Task: Pictures aside, each entry has to be returned exactly as it stands.
Start of Material for this task
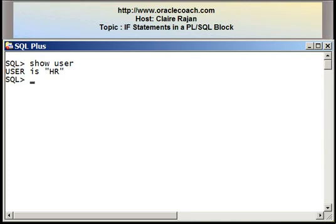Welcome to this tutorial presented by OracleCoach.com. This is Claire Rajan, and in this video segment I'll demonstrate how to write IF statements in a PL/SQL block. IF statements are conditional statements that allow you to take actions based on a condition.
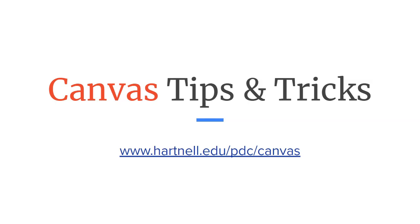Hey everyone! Welcome to another Canvas Tips and Tricks video. In this video, we're going to cover how to manage and extend access for students who are incomplete at the end of the term.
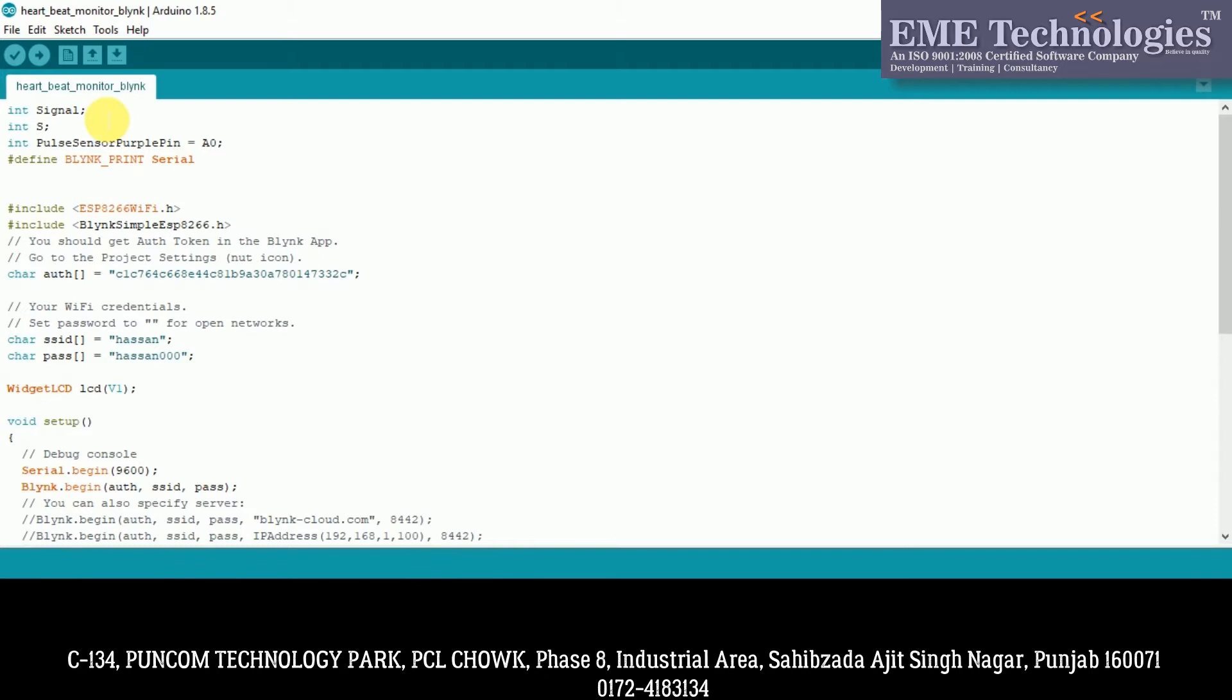Blink Simple ESP8266. We have included this header file. When you have a project in Blink, then you have an authentication code. So this is the authentication code that we have added to communicate with the Blink app. The Blink app will communicate with hardware when we have this authentication code added to our application.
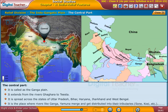It is the place where rivers like the Ganga and Yamuna merge and get distributed into their tributaries, such as Sone, Koshi, etc.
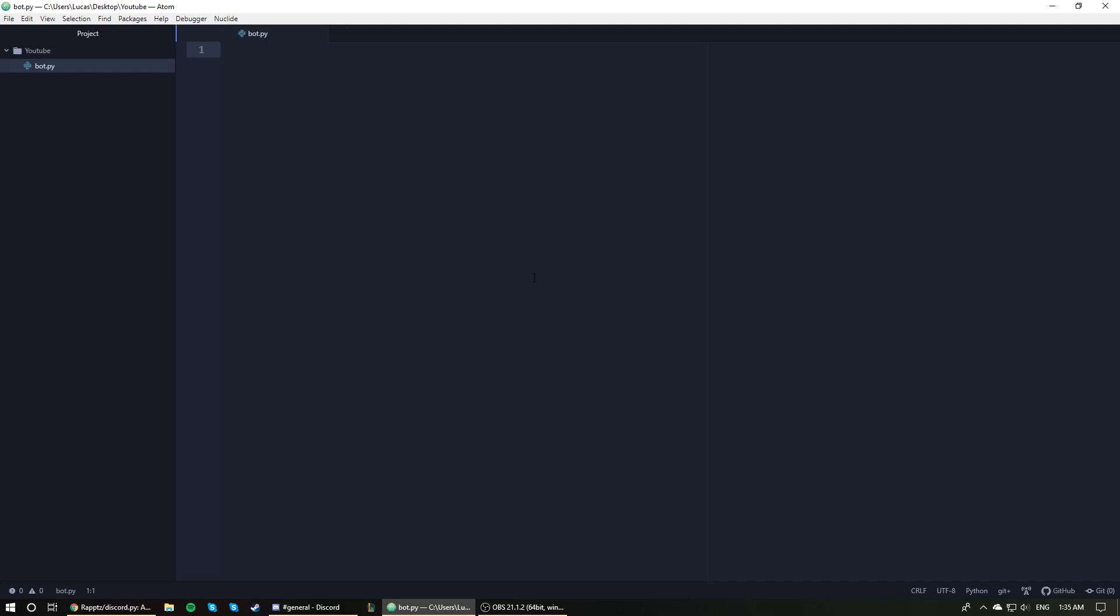For those of you who have no idea what I'm talking about and just want to make a Discord bot, you're in the right place. Don't leave, I'll help you, I promise. And for those of you who do know what I'm talking about, even if you want to keep using async, no harm in learning how to use rewrite. On that note, we are going to officially start with making a Discord bot in rewrite.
End of Material for this task
Your solution:
Welcome to this tutorial presented by OracleCoach.com. This is Claire Rajan, and in this video segment I'll demonstrate how to write IF statements in a PL/SQL block. IF statements are conditional statements that allow you to take actions based on a condition.
Hey everyone! Welcome to another Canvas Tips and Tricks video. In this video, we're going to cover how to manage and extend access for students who are incomplete at the end of the term.
Blink Simple ESP8266. We have included this header file. When you have a project in Blink, then you have an authentication code. So this is the authentication code that we have added to communicate with the Blink app. The Blink app will communicate with hardware when we have this authentication code added to our application.
It is the place where rivers like the Ganga and Yamuna merge and get distributed into their tributaries, such as Sone, Koshi, etc.
For those of you who have no idea what I'm talking about and just want to make a Discord bot, you're in the right place. Don't leave, I'll help you, I promise. And for those of you who do know what I'm talking about, even if you want to keep using async, no harm in learning how to use rewrite. On that note, we are going to officially start with making a Discord bot in rewrite.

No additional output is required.